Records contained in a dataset
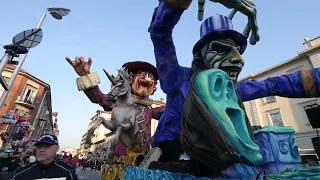 Carnevale Nichelino 2024   Grande sfilata carri allegorici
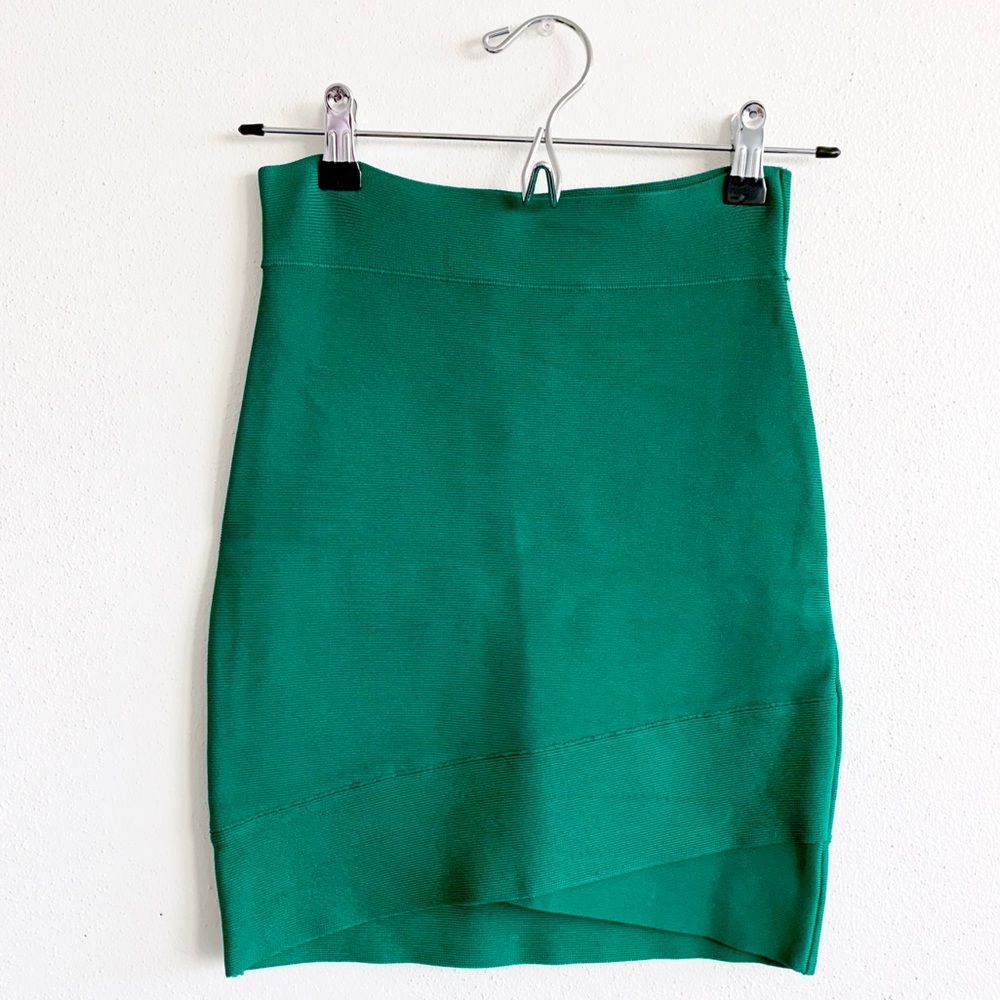 BCBGMAXAZRIA Emerald Green Knit Bodycon Mini Skirt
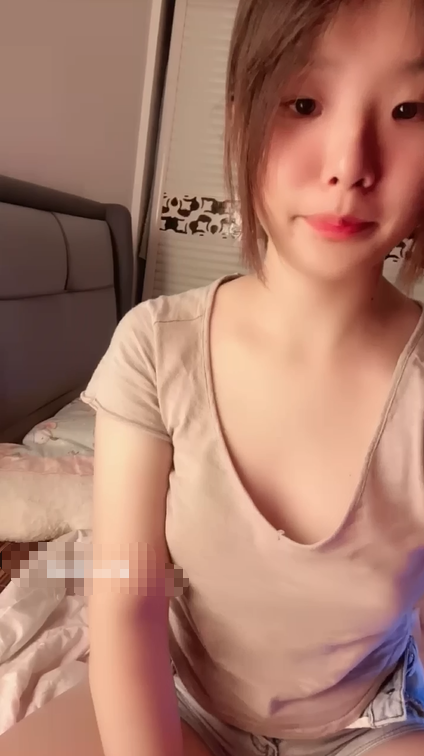 【07十八岁】 小妹妹还没发育乳头还是内凹的，白嫩美乳白虎美穴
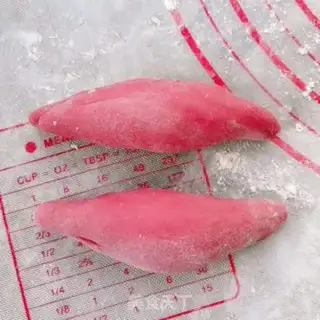 Make Lips step 15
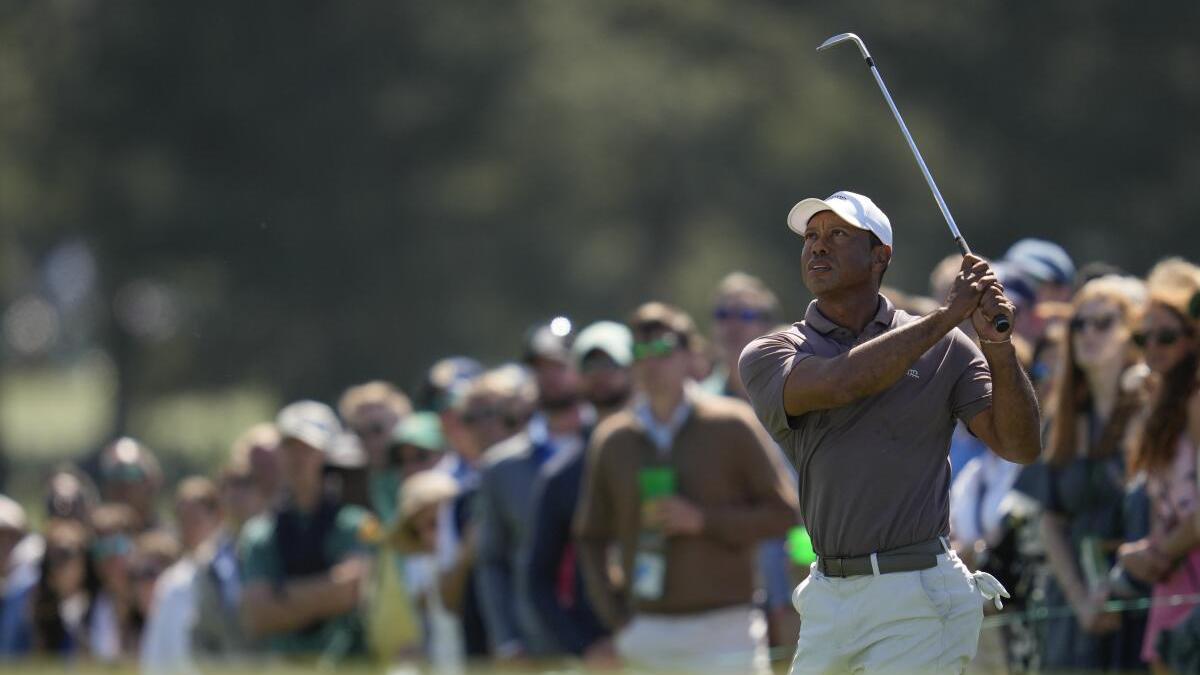 Tiger Woods sets record, makes 24th consecutive Augusta Masters cut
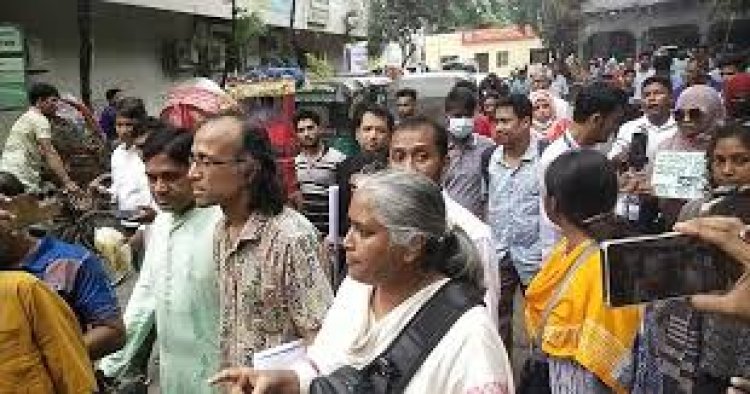 ঢামেকের সামনে অভিভাবকদের অবস্থান কর্মসূচি, পুলিশের বাধা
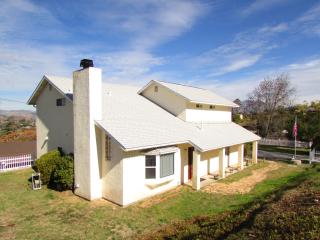 9224 Single Oak Dr, Lakeside, CA 92040-4524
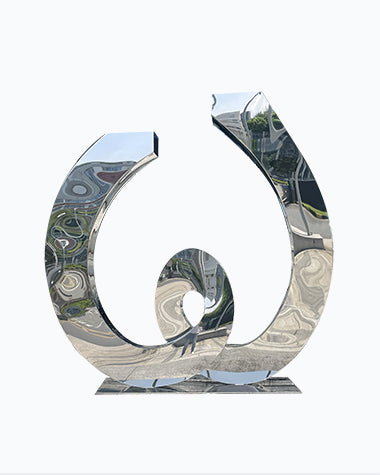 Creative Steel  C Letter Sculpture For Garden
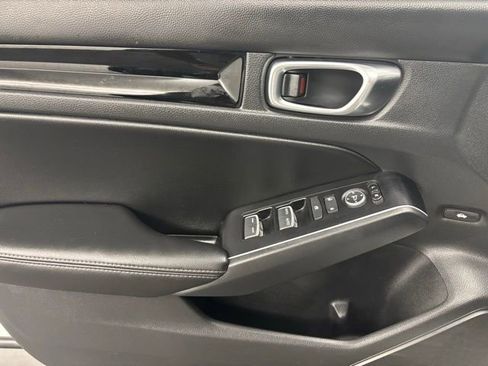 Used 2025 Honda Civic Sport image 17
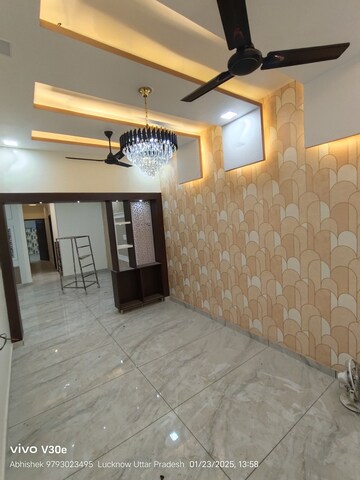 Room in 3 BHK Villa at Jankipuram – for Sale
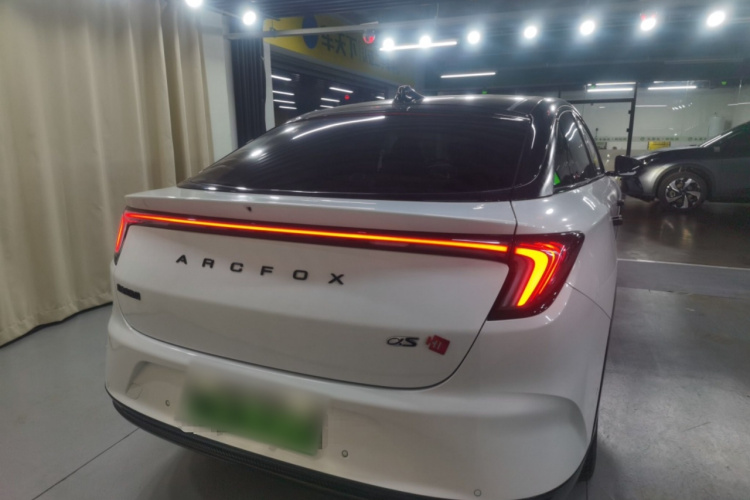 ARCFOX极狐 极狐 阿尔法S(ARCFOX αS) 2022款 HI版 高阶版车身外观6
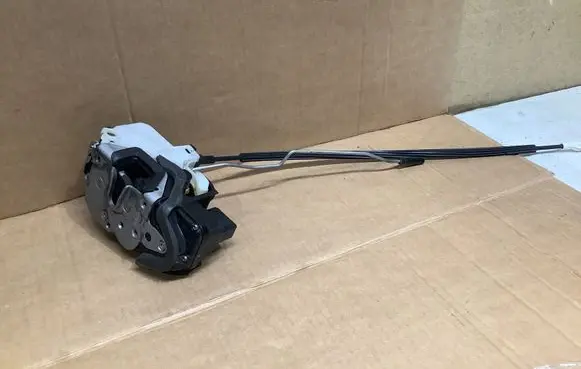 Opel Insignia A Front door lock 13578523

## [What you have to do]
Please retype the lines from the one that contains "ঢামেকের সামনে অভিভাবকদের" to the final line of the records, both included, exactly as written and without any pictures.

## [Solved exercise]
 ঢামেকের সামনে অভিভাবকদের অবস্থান কর্মসূচি, পুলিশের বাধা
 9224 Single Oak Dr, Lakeside, CA 92040-4524
 Creative Steel  C Letter Sculpture For Garden
 Used 2025 Honda Civic Sport image 17
 Room in 3 BHK Villa at Jankipuram – for Sale
 ARCFOX极狐 极狐 阿尔法S(ARCFOX αS) 2022款 HI版 高阶版车身外观6
 Opel Insignia A Front door lock 13578523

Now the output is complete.